The new 500-room, 25-story Rush Tower overlooking Downtown Las Vegas

The new gold at the Golden Nugget Las Vegas might just be blue. As the legendary Downtown Las Vegas property unveiled its new Rush Tower (as in Gold Rush) just days before Thanksgiving, it was the new 75,000-gallon shark tank that held center stage—a compliment to the 200,000-gallon aquarium just a few yards away.

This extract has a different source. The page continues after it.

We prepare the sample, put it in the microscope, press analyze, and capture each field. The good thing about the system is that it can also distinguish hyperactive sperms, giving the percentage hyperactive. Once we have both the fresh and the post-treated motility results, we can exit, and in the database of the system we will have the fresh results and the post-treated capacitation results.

The aquarium backs the new lobby reception desk and also serves as the centerpiece of Chart House Las Vegas, the newest restaurant in  the Chart House chain known for its seafood and stunning waterfront settings.

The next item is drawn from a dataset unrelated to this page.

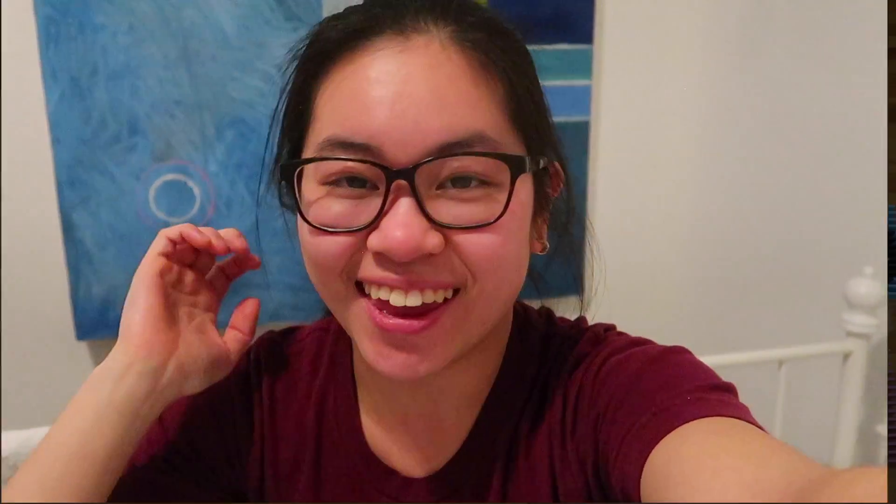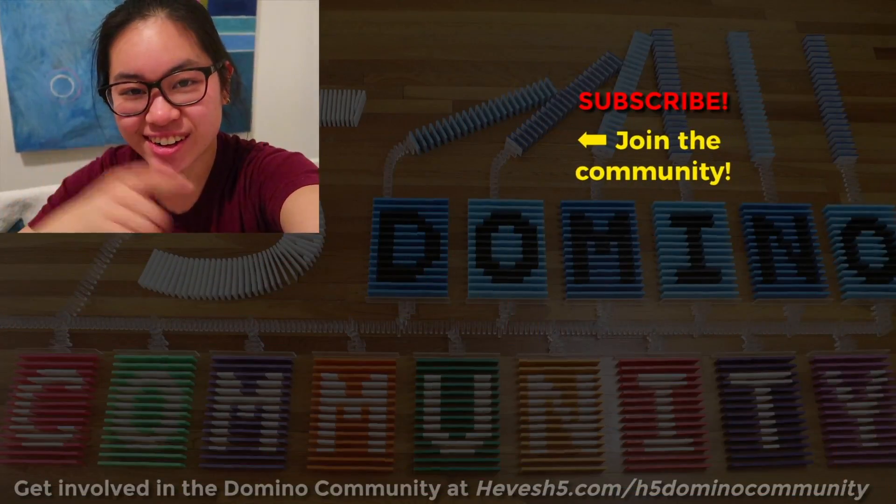Thank you so much Chase for such an amazing explanation on chain reaction machines. I hope this helps you with your projects — you can incorporate some amazing tricks within dominoes. Honestly, I think it's so cool that these two kinetic groups have come together into one big community. H5 Domino community — leave your answer to the discussion question in the comments and I'll see you later.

“Well, we did not have an ocean we could put by this restaurant, so we have the new fish tank instead,” says Golden Nugget representative Justin McVay. Both Chart House and the Golden Nugget are owned by Landry’s Restaurants Inc. out of Houston, which owns and operates more than 200 restaurants in the U.S. Landry’s purchased the Golden Nugget in 2002 and immediately embarked on a three-phase, $330 million redo that included building a shark repository right in the middle of the swimming pool, new high-end restaurants, a new nightclub overlooking Fremont Street called Gold Diggers, renovations in the Spa and Gold towers and now this: a 500-room, 25-story tower overlooking Downtown Las Vegas.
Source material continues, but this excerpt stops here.